Step 1: Dependencies

requirements.txt

fastapi>=0.100.0
uvicorn>=0.23.0
pydantic>=2.0.0
torch>=2.0.0
numpy>=1.24.0
python-json-logger>=2.0.0
prometheus-client>=0.17.0

Step 2: Configuration

src/config.py

"""Application configuration."""

from pydantic_settings import BaseSettings
from functools import lru_cache


class Settings(BaseSettings):
    """Application settings."""

    # API settings
    app_name: str = "Model Serving API"
    debug: bool = False

    # Model settings
    model_path: str = "./models/model.pt"
    model_name: str = "classifier"

    # Inference settings
    batch_size: int = 32
    max_batch_wait_ms: int = 50

    # Server settings
    host: str = "0.0.0.0"
    port: int = 8000
    workers: int = 1

    class Config:
        env_file = ".env"


@lru_cache
def get_settings() -> Settings:
    """Get cached settings instance."""
    return Settings()

Step 3: Pydantic Schemas

src/schemas.py

"""Request and response schemas."""

from pydantic import BaseModel, Field
from typing import Optional
from enum import Enum


class PredictionInput(BaseModel):
    """Single prediction input."""

    features: list[float] = Field(
        ...,
        description="Input feature vector",
        min_length=1,
        max_length=1000
    )
    request_id: Optional[str] = Field(
        None,
        description="Optional request ID for tracking"
    )

    model_config = {
        "json_schema_extra": {
            "examples": [{
                "features": [0.1, 0.5, 0.3, 0.8],
                "request_id": "req-123"
            }]
        }
    }


class BatchPredictionInput(BaseModel):
    """Batch prediction input."""

    inputs: list[PredictionInput] = Field(
        ...,
        description="List of prediction inputs",
        min_length=1,
        max_length=100
    )


class PredictionOutput(BaseModel):
    """Single prediction output."""

    prediction: int = Field(..., description="Predicted class")
    confidence: float = Field(..., description="Prediction confidence", ge=0, le=1)
    probabilities: list[float] = Field(..., description="Class probabilities")
    request_id: Optional[str] = Field(None, description="Request ID if provided")

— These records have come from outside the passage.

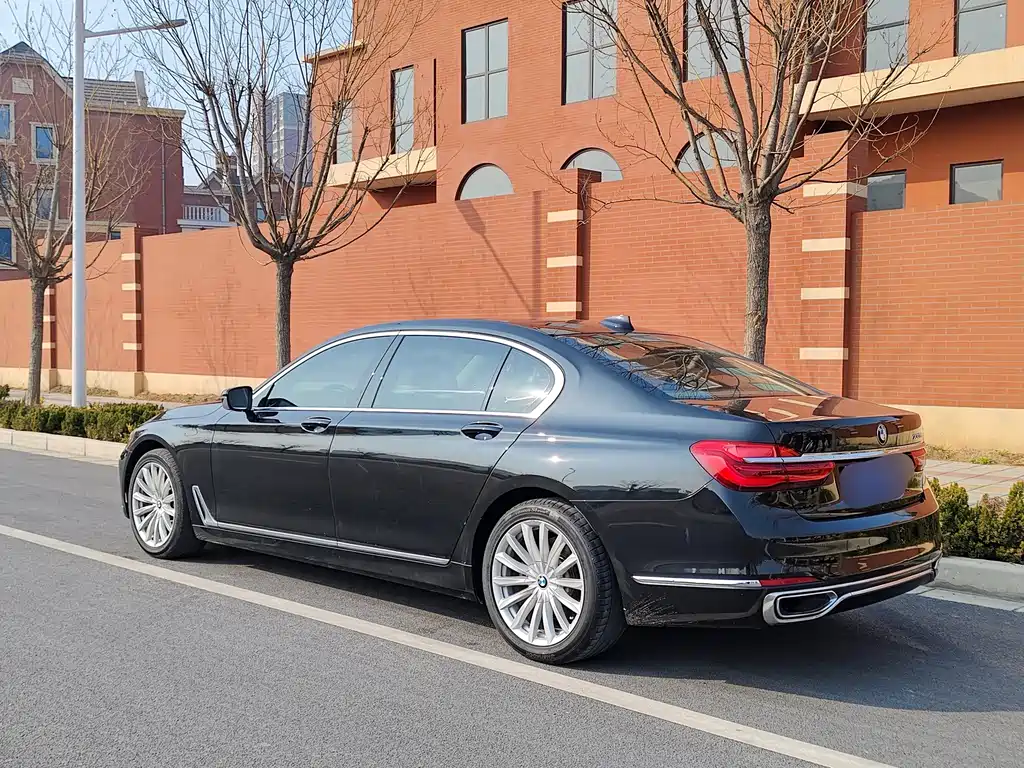 BMW 7 Series 2018 730Li Leading Excellence Package купить на сайте DeffCars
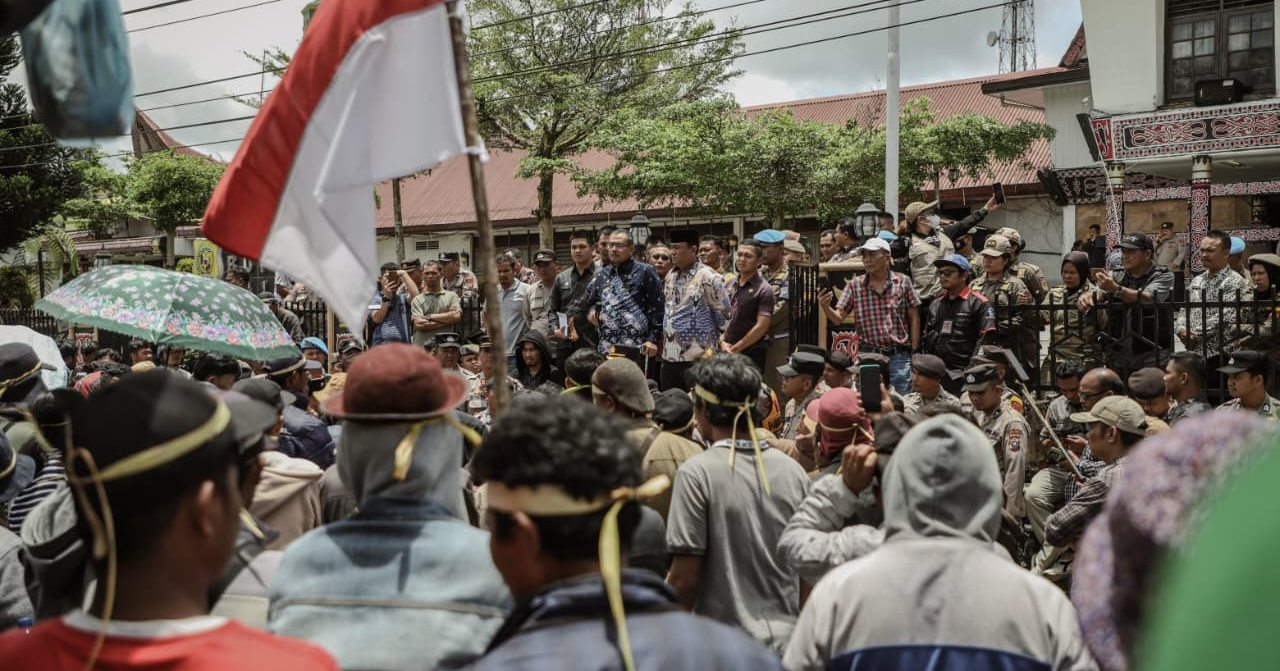 Aksi demo di depan kantor bupati Dairi.(ist)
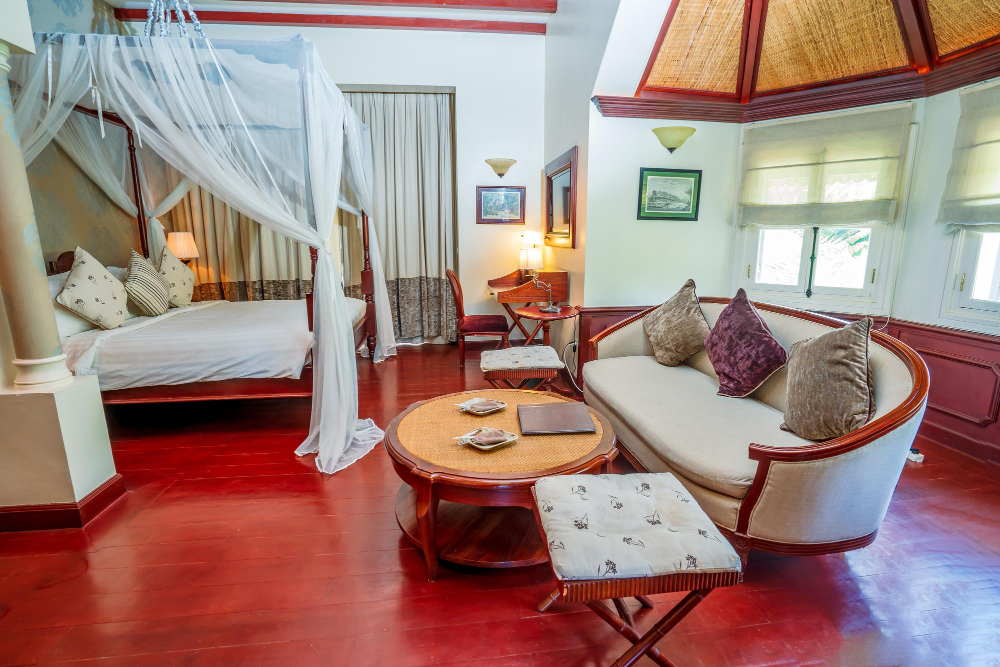 Granada Hotel & Bistro
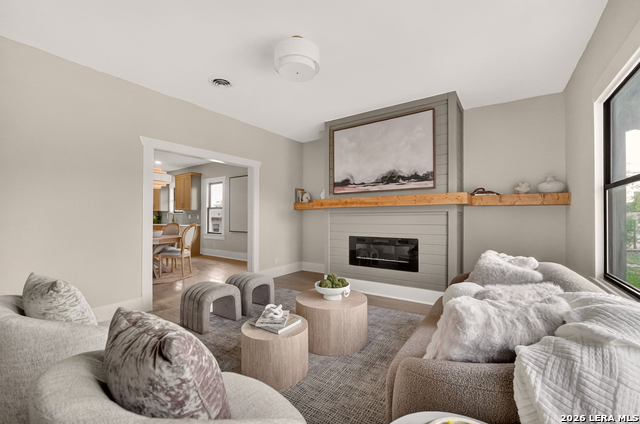 Image 15 of 52 For 806 Kayton Ave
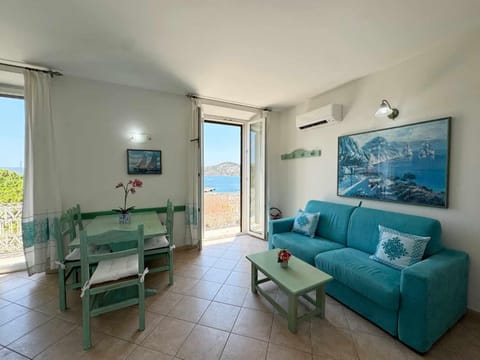Living room, Sea view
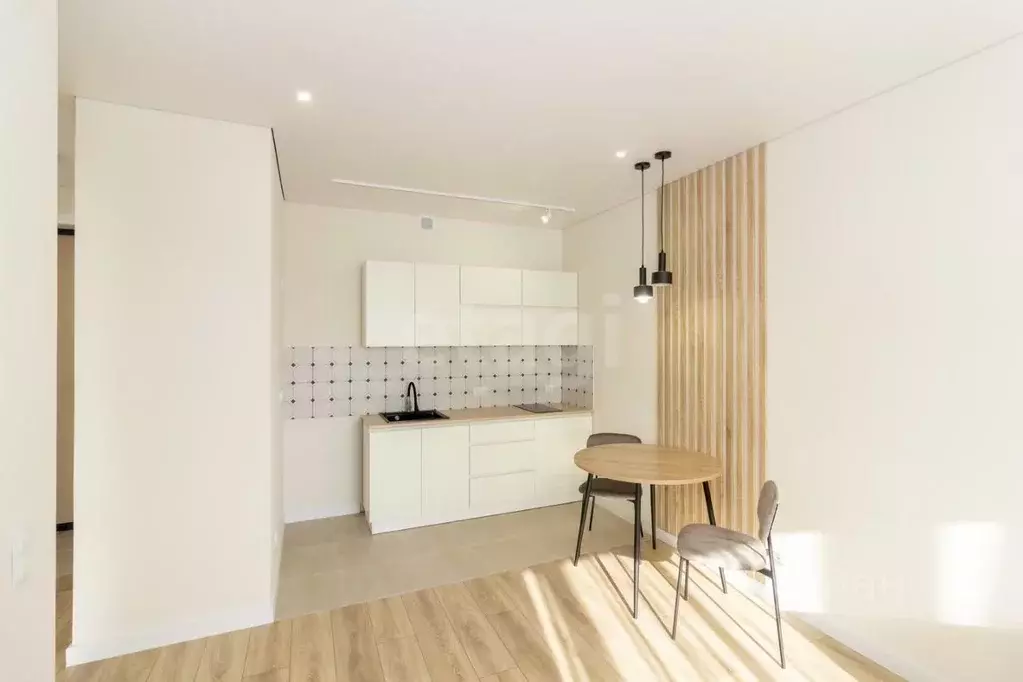 1-к кв. Тюменская область, Тюмень ул. Молодогвардейцев, 5к1 (43.82 м) - Фото 1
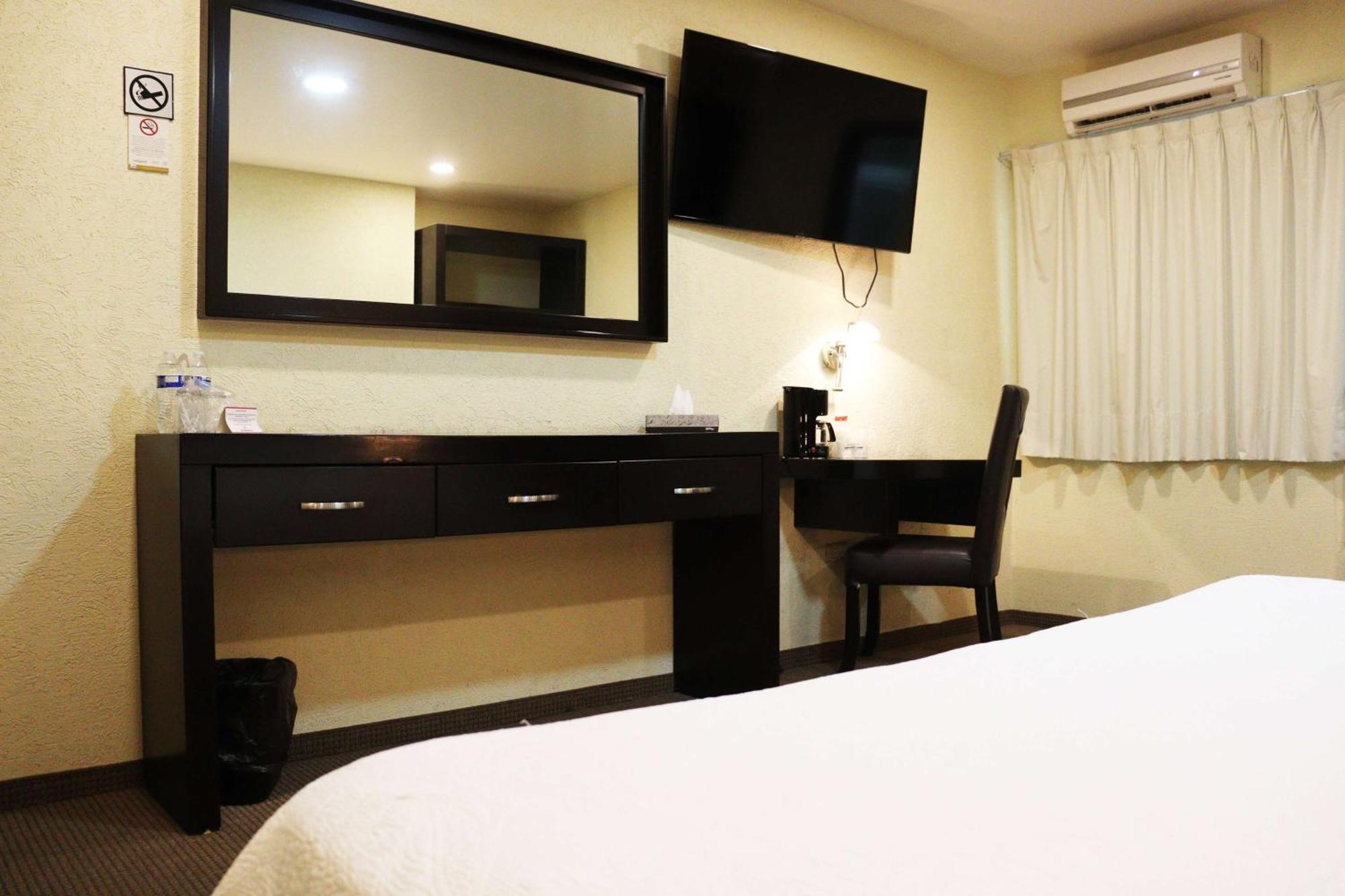Wyndham Garden Aguascalientes Hotel & Casino Esterno foto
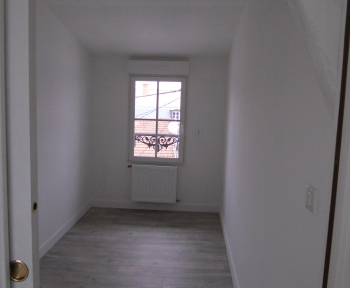 Location Appartement 4 pièces Sainte-Menehould ()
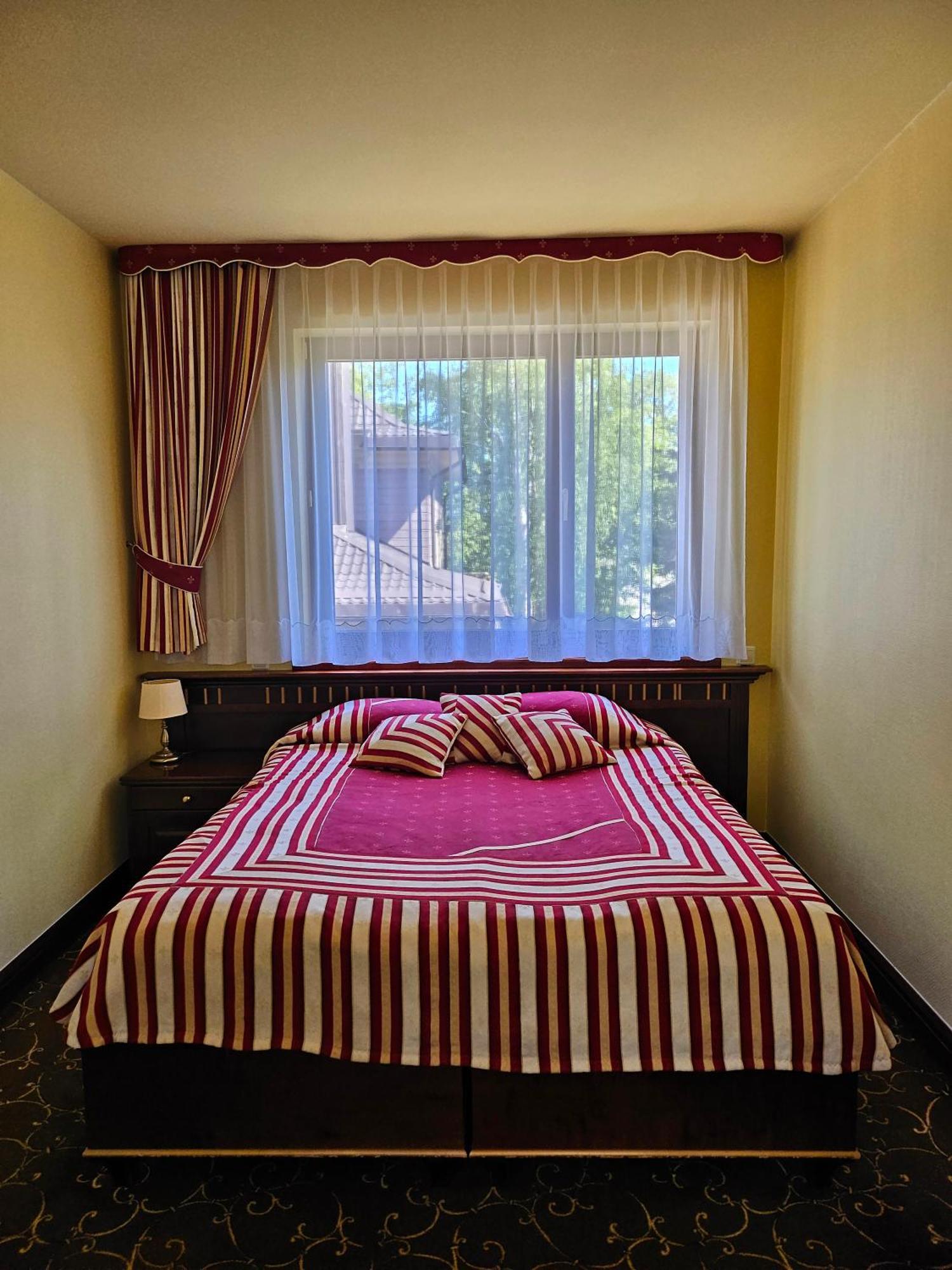 Guest House & Villa Astoma Паланга Экстерьер фото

class BatchPredictionOutput(BaseModel):
    """Batch prediction output."""

    predictions: list[PredictionOutput]
    batch_size: int
    processing_time_ms: float


class HealthStatus(str, Enum):
    """Health check status."""
    HEALTHY = "healthy"
    UNHEALTHY = "unhealthy"
    DEGRADED = "degraded"


class HealthResponse(BaseModel):
    """Health check response."""

    status: HealthStatus
    model_loaded: bool
    model_name: str
    version: str = "1.0.0"

Step 4: Model Wrapper

src/model.py

"""Model loading and inference."""

import torch
import torch.nn as nn
import numpy as np
from pathlib import Path
from typing import Optional
import logging

logger = logging.getLogger(__name__)


class SimpleClassifier(nn.Module):
    """Example classifier model."""

    def __init__(self, input_size: int = 4, num_classes: int = 3):
        super().__init__()
        self.network = nn.Sequential(
            nn.Linear(input_size, 64),
            nn.ReLU(),
            nn.Dropout(0.2),
            nn.Linear(64, 32),
            nn.ReLU(),
            nn.Linear(32, num_classes)
        )

    def forward(self, x: torch.Tensor) -> torch.Tensor:
        return self.network(x)


class ModelWrapper:
    """
    Wrapper for model loading and inference.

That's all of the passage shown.